**TASK BRIEF**
Leave the pictures aside and copy all the data exactly.

**DATASET EXCERPT**
%%

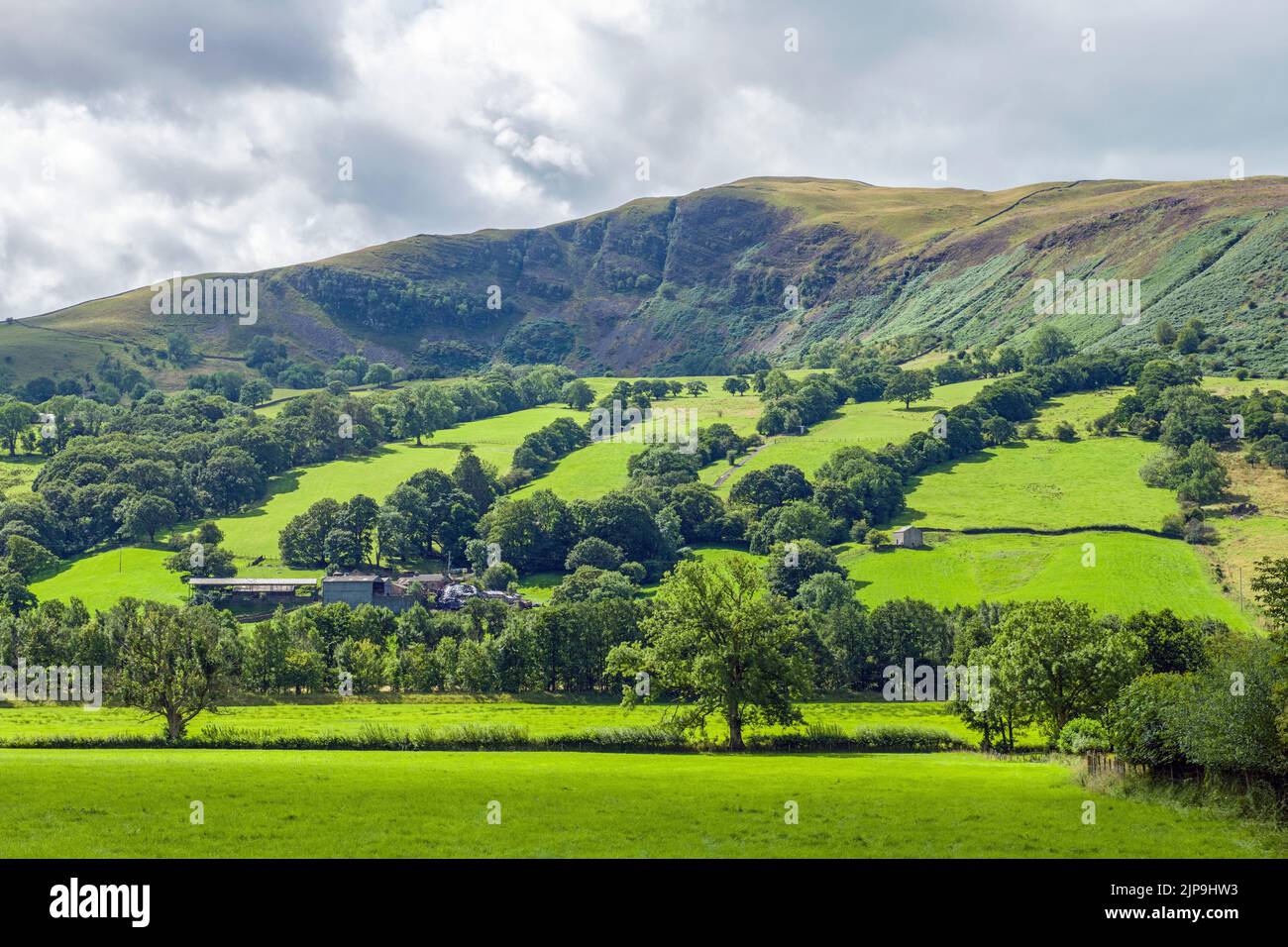 A stunning landscape view of both farmland and a high rocky fell as you head out west towards Sedbergh along Dentdale Stock Photo
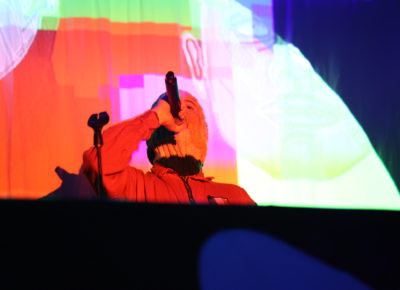 DJ Próvaí holding the mic, at the back of stage, beaming in the colors of the stage lights. Photo: Logan Sorenson.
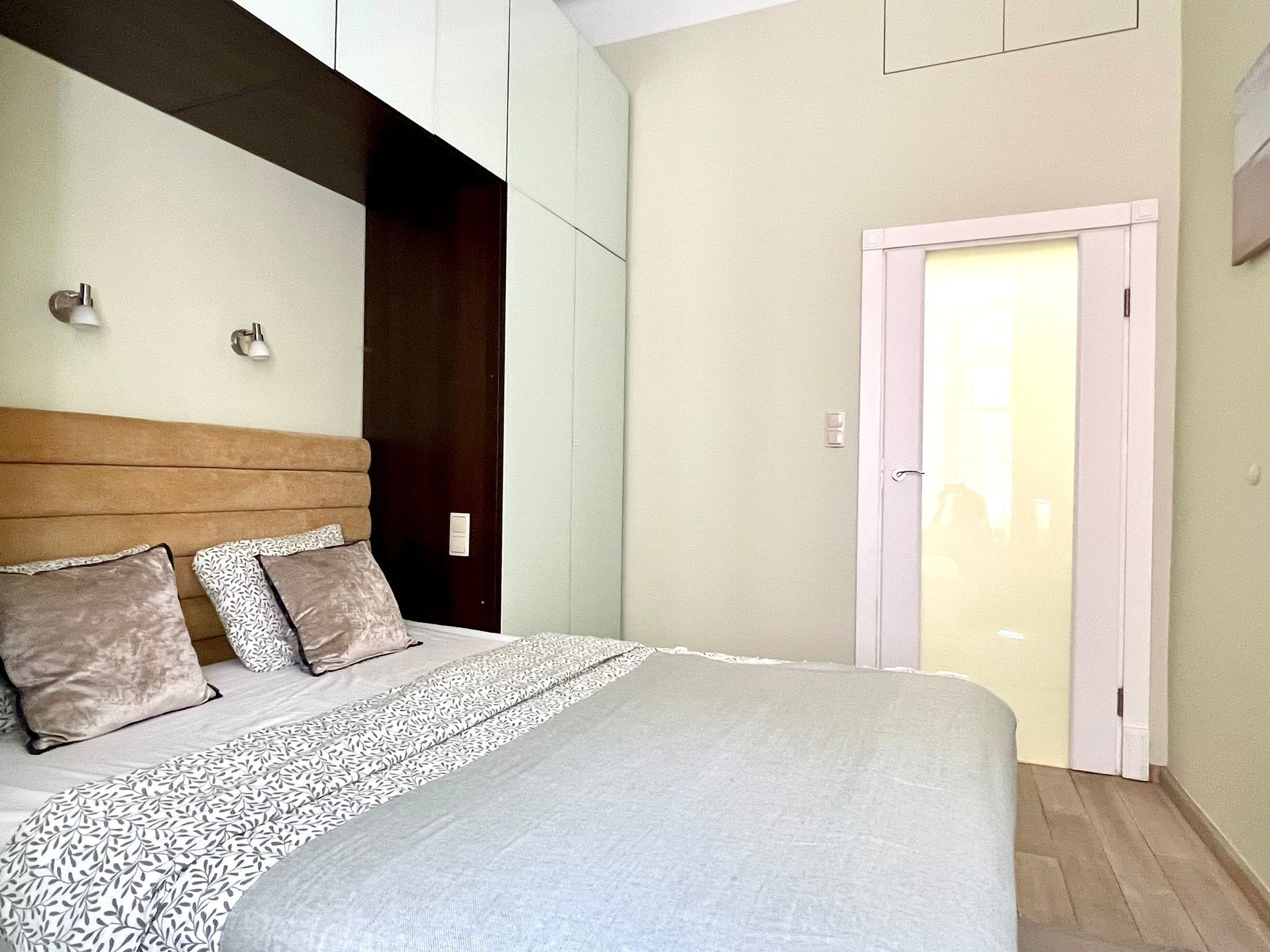A bedroom with a bed, two wall-mounted lights, a door, and a window.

%%

**REPLY**
 A stunning landscape view of both farmland and a high rocky fell as you head out west towards Sedbergh along Dentdale Stock Photo
 DJ Próvaí holding the mic, at the back of stage, beaming in the colors of the stage lights. Photo: Logan Sorenson.
A bedroom with a bed, two wall-mounted lights, a door, and a window.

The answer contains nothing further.